Review the latest portfolio strategy commentary from Mike Gibbs, managing director of Equity Portfolio & Technical Strategy.
2019 was a great year for equity markets (S&P 500 +31.5% total return), as trade progress and central bank easing provided a tailwind to valuation multiples through the sluggish economic and earnings backdrop. Headwinds from trade have abated, as a phase one trade deal between the US and China is expected to be signed in DC on January 15th. After which, discussions on phase two are set to begin immediately. There will likely be hiccups through the path of negotiations in 2020, but we expect President Trump to do enough to support the economy and market into his 2020 re-election campaign, even if it means "kicking the can down the road" on the more difficult, structural issues between the two countries.
The tailwinds of central bank easing in 2019, along with dampened trade tensions, are likely to support improved global economic conditions in 2020. We view the consumer as on solid footing, and believe global manufacturing trends should improve in the year ahead. Earnings are also set to accelerate from muted growth in 2019 (albeit off tough comps following tax reform in 2018). We look for 5.5% S&P 500 earnings growth in our 2020 base case scenario, using our year-end estimates of $174 and $165 in 2020 and 2019 respectively.

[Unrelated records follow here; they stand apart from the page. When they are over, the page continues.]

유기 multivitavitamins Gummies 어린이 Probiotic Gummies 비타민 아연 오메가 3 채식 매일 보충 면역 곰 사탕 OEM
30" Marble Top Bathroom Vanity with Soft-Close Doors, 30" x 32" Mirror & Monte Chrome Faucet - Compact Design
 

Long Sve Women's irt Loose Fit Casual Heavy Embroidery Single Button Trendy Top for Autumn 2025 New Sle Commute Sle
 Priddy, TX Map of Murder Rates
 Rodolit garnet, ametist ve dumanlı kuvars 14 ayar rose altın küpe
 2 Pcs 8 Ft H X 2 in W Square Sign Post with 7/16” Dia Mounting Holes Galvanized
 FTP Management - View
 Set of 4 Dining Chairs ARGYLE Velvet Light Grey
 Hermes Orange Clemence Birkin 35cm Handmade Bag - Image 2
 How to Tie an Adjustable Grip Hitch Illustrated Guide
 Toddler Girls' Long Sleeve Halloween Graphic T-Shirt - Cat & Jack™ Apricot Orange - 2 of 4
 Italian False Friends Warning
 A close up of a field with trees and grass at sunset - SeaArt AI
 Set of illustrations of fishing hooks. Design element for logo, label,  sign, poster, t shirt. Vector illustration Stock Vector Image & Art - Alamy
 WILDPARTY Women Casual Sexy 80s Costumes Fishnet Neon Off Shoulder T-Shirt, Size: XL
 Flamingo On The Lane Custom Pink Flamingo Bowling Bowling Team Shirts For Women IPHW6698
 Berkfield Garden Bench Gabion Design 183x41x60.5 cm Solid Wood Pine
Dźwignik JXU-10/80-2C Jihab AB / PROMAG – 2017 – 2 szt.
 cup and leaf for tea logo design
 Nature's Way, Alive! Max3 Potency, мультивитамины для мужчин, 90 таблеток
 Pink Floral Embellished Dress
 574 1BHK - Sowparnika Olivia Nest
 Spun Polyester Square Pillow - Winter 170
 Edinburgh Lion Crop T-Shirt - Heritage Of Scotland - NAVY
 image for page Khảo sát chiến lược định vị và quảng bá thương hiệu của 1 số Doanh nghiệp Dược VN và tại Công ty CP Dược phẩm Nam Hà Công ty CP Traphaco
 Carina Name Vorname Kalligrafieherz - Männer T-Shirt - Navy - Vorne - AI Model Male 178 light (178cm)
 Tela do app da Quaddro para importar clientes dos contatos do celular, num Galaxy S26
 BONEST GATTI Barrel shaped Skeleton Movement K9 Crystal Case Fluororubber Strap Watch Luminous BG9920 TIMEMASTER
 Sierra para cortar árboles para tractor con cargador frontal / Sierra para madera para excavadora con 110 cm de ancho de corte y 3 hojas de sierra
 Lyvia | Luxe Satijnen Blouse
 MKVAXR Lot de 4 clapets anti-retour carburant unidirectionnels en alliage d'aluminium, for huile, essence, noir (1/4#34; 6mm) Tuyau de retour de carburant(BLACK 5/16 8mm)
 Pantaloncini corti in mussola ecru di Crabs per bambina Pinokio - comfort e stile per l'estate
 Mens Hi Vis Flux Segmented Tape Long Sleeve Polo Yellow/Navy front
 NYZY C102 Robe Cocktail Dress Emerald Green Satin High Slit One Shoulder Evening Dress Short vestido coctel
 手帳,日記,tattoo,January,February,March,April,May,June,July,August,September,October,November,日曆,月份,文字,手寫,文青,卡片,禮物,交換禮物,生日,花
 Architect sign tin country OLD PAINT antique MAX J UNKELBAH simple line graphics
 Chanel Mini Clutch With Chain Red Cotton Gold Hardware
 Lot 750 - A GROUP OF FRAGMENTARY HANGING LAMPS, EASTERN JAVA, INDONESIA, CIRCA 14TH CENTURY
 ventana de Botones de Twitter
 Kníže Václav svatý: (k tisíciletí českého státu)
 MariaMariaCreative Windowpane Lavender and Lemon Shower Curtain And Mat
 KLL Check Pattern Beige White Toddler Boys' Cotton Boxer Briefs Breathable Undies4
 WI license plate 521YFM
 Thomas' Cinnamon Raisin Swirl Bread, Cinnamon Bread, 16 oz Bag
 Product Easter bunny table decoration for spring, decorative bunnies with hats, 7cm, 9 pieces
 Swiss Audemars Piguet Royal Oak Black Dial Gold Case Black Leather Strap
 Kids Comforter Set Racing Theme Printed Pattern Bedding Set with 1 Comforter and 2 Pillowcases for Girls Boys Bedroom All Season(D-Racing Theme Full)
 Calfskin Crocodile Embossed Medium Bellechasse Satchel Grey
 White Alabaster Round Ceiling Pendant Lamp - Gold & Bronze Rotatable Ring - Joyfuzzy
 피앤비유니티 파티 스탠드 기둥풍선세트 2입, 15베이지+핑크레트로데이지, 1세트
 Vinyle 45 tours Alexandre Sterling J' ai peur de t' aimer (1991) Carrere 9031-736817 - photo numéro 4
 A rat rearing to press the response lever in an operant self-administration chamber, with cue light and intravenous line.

Trade progress, low inflation, low interest rates, potential for global manufacturing improvement, and earnings acceleration all support higher valuation multiples. However, while the current S&P 500 P/E of 19.9x is not euphoric, it is above our base case P/E multiple for 2020 of 19.25x. Therefore, we view the current valuation as neutral and believe forward market returns will need to come from earnings growth at this point. The market's recent price appreciation has come within 4% of our 2020 base case S&P 500 target of 3350, so risk/reward would improve in the event of a slight pullback.
The S&P 500 is a little extended in the short term (about 8.5% above its 200 day moving average), and a pause or normal consolidation would be healthy for the index to digest the strong gains that ended 2019. That said, intermediate term momentum remains solid. We believe pullbacks are likely to be light and should be used as buying opportunities. In the event of a pause or consolidation period with rolling sector rotation beneath the surface, we would look to accumulate favored sectors and stocks (i.e. Technology, Communication Services, Health Care, Financials, and Industrials).